2. Gravitational force \( F_g \) between two masses: \(F_g = \frac{G \cdot m_1 \cdot m_2}{r^2}\)
   • \( G = 6.674 \times 10^{-11} \, \text{Nm}^2/\text{kg}^2 \) (Gravitational constant).
   • \( m_1 = 19.2 \times 10^{-27} \, \text{kg} \) and \( m_2 = 9 \times 10^{-27} \, \text{kg} \) are the masses of ions A and B, respectively.

The ratio of the electrostatic force magnitude to the gravitational force magnitude is:

\(\text{Ratio} = \frac{F_e}{F_g} = \frac{k \cdot |q_1 \cdot q_2|}{G \cdot m_1 \cdot m_2}\)

Substituting the given values:

\(\frac{F_e}{F_g} = \frac{(8.9875 \times 10^9) \cdot (6.67 \times 10^{-19}) \cdot (9.6 \times 10^{-10})}{(6.674 \times 10^{-11}) \cdot (19.2 \times 10^{-27}) \cdot (9 \times 10^{-27})}\)

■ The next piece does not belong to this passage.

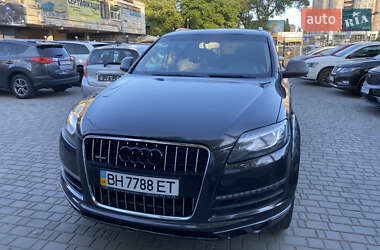Внедорожник / Кроссовер Audi Q7 2014 в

Calculating the expression:

\(\frac{F_e}{F_g} = \frac{(8.9875 \cdot 6.67 \cdot 9.6) \times 10^{9 - 19 - 10}}{6.674 \cdot 19.2 \cdot 9 \times 10^{-11 - 27 - 27}}\)

\(= \frac{572.19144 \times 10^{-20}}{1155.4368 \times 10^{-65}}\)

\(= 49516.8899 \times 10^{45}\)

\(= 4.95168899 \times 10^{49}\)

Given \( P \times 10^{-13} = 4.95168899 \times 10^{49} \), solving for \( P \):

\(P = \frac{4.95168899 \times 10^{49}}{10^{-13}} = 4.95168899 \times 10^{62} = 10 \times 10^{1} = 10\)

Therefore, the value of \( P \) is 10.